Denying civil servants a right to follow their spouses increases their cost of living as their families spend on two homes. Just like that, their expenditures become higher than income.
The National Health Policy stipulates that workers must be motivated and occupational health must be respected.
For example, when a man is transferred from Mulanje to Karonga, his wife, who works in the civil service, finds it tough to follow him.
For her to go to Karonga, she is supposed to find someone to swap with. If not, she will remain in Mulanje until a space is available.
Did the lawmakers consider the impacts of such scenarios on individuals’ health and service delivery?
There are roles, responsibilities and circumstances that demand the presence of a woman at home. These include illnesses, taking care of children who are supposed to go to school from Monday to Friday and taking care of the husband in all aspects of life.
However, most families lack this support and live in agony because of laws that make it hard for civil servants to follow their spouses.
The split makes it tough and expensive for both parents to take care of their family since they are supposed to pay rentals, buy groceries and pay utility bills for two houses. They also have to meet transport expenses and school fees.

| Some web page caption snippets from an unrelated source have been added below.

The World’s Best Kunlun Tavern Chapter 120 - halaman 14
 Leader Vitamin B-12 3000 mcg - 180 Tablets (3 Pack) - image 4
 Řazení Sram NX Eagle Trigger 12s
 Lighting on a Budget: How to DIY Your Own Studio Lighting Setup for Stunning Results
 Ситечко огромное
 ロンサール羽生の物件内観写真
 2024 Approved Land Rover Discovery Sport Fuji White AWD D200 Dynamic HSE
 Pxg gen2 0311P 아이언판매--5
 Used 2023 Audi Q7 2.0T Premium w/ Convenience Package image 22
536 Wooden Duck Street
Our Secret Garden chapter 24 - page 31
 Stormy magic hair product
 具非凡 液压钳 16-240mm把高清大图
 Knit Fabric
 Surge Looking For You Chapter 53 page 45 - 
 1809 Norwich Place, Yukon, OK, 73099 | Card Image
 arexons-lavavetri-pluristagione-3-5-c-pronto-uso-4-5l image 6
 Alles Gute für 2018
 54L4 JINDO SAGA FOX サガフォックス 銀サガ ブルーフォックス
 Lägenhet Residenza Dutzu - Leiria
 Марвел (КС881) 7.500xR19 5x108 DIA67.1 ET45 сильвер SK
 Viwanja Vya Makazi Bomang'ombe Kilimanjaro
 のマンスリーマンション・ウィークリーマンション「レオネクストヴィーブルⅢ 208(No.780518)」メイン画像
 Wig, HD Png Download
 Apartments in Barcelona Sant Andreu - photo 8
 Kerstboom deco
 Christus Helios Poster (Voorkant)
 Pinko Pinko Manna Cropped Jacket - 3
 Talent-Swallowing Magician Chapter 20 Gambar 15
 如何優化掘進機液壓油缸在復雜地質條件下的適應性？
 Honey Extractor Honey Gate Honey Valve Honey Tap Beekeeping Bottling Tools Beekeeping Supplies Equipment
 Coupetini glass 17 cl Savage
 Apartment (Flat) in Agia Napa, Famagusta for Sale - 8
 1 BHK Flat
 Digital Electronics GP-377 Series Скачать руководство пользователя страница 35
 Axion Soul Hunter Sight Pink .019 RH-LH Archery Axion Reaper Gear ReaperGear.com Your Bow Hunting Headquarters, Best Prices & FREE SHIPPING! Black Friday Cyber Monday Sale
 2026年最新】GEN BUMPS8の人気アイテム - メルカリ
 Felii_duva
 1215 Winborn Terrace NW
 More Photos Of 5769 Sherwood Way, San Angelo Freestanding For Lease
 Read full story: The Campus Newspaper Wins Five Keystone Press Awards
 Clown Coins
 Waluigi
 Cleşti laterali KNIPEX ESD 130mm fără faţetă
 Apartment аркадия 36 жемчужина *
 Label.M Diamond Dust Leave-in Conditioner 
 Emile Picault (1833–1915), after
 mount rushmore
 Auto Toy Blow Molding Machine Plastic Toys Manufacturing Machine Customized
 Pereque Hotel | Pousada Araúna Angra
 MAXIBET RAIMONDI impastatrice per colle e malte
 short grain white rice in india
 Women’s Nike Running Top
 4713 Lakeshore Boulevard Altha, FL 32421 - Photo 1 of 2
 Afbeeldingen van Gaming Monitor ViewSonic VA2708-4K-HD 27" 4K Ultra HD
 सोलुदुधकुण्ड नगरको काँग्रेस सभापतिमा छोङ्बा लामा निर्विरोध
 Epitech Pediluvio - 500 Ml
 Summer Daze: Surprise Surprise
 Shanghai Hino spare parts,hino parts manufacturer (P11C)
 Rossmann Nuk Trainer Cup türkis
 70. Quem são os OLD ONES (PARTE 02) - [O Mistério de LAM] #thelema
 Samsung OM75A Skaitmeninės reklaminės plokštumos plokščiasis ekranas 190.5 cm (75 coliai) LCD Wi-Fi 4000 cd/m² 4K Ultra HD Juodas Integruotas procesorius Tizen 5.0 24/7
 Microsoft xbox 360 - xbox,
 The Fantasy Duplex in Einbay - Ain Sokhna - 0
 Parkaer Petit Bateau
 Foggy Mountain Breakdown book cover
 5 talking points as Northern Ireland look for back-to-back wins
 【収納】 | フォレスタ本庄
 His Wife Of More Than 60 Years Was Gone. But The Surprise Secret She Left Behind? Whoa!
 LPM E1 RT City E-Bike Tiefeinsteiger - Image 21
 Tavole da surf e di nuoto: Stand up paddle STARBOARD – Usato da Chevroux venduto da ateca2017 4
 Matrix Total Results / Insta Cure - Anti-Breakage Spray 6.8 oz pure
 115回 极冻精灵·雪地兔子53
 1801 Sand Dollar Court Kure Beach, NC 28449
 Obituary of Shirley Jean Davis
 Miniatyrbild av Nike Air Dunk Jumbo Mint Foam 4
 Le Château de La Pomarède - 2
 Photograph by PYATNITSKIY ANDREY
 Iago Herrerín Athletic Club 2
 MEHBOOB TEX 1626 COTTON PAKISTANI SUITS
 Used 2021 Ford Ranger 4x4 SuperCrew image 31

The costs worsened by the insensitive policy do not tally with the financial standing of most civil servants’ families.
Besides, there are a lot of stories of marriage breakups, polygamy and even loss of jobs as some women desperate to protect their marriage either suffer in silence or quit employment to follow their husbands.
Yet we say educating a girl is educating the nation. How are we going to motivate girls to remain in school and achieve their dreams if educated women are forced to resign from work just to preserve marriages?
Women have a role to play in both government affairs and their families, including supporting their parents who invested a lot of resources in their education.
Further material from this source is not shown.